In the data below, find the line with "Hello guys, this" and the line with "Welcome to A-Frame", then restate both and every line between them exactly, minus the pictures.

:: Given data ::

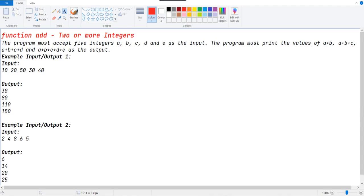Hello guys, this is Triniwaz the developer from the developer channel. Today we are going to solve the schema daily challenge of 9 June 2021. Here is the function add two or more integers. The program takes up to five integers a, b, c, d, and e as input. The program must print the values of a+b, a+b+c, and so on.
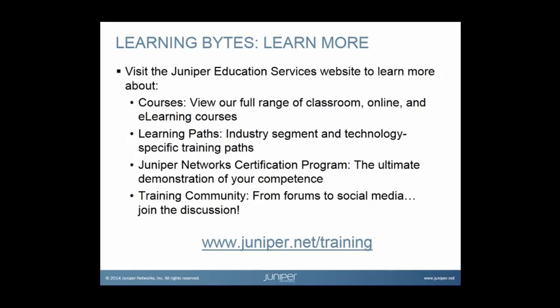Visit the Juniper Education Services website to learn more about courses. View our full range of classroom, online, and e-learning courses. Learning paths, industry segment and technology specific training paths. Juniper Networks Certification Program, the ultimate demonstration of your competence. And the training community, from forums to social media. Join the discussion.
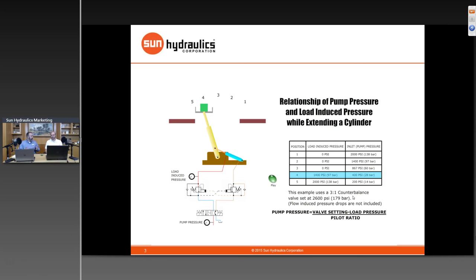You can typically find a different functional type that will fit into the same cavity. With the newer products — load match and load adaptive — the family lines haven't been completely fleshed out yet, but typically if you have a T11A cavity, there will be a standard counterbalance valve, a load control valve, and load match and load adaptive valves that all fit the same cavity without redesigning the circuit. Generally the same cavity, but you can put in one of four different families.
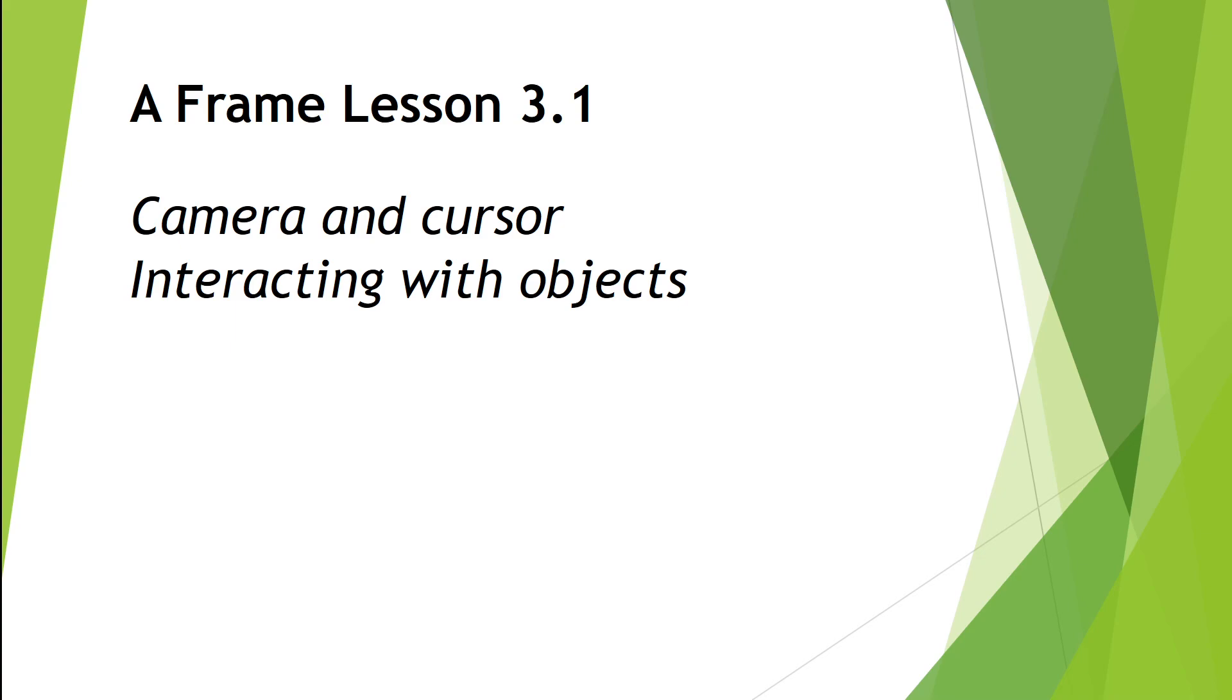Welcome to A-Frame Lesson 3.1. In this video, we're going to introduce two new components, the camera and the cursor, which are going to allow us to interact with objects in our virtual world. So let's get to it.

:::
:: Given data ::

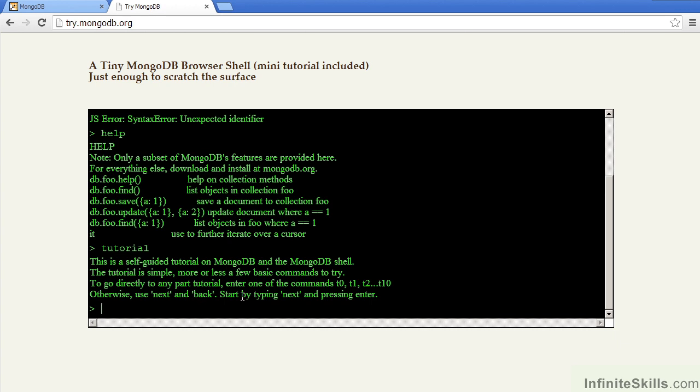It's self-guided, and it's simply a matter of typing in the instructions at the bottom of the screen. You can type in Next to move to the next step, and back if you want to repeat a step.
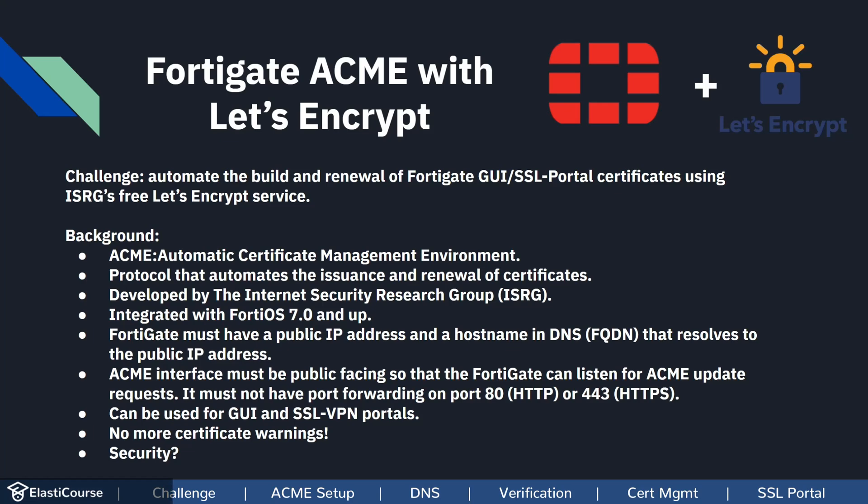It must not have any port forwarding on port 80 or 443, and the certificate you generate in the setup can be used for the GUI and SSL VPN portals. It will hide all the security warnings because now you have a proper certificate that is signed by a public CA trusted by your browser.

:::

- _Solution to this exercise_
Hello guys, this is Triniwaz the developer from the developer channel. Today we are going to solve the schema daily challenge of 9 June 2021. Here is the function add two or more integers. The program takes up to five integers a, b, c, d, and e as input. The program must print the values of a+b, a+b+c, and so on.
Visit the Juniper Education Services website to learn more about courses. View our full range of classroom, online, and e-learning courses. Learning paths, industry segment and technology specific training paths. Juniper Networks Certification Program, the ultimate demonstration of your competence. And the training community, from forums to social media. Join the discussion.
You can typically find a different functional type that will fit into the same cavity. With the newer products — load match and load adaptive — the family lines haven't been completely fleshed out yet, but typically if you have a T11A cavity, there will be a standard counterbalance valve, a load control valve, and load match and load adaptive valves that all fit the same cavity without redesigning the circuit. Generally the same cavity, but you can put in one of four different families.
Welcome to A-Frame Lesson 3.1. In this video, we're going to introduce two new components, the camera and the cursor, which are going to allow us to interact with objects in our virtual world. So let's get to it.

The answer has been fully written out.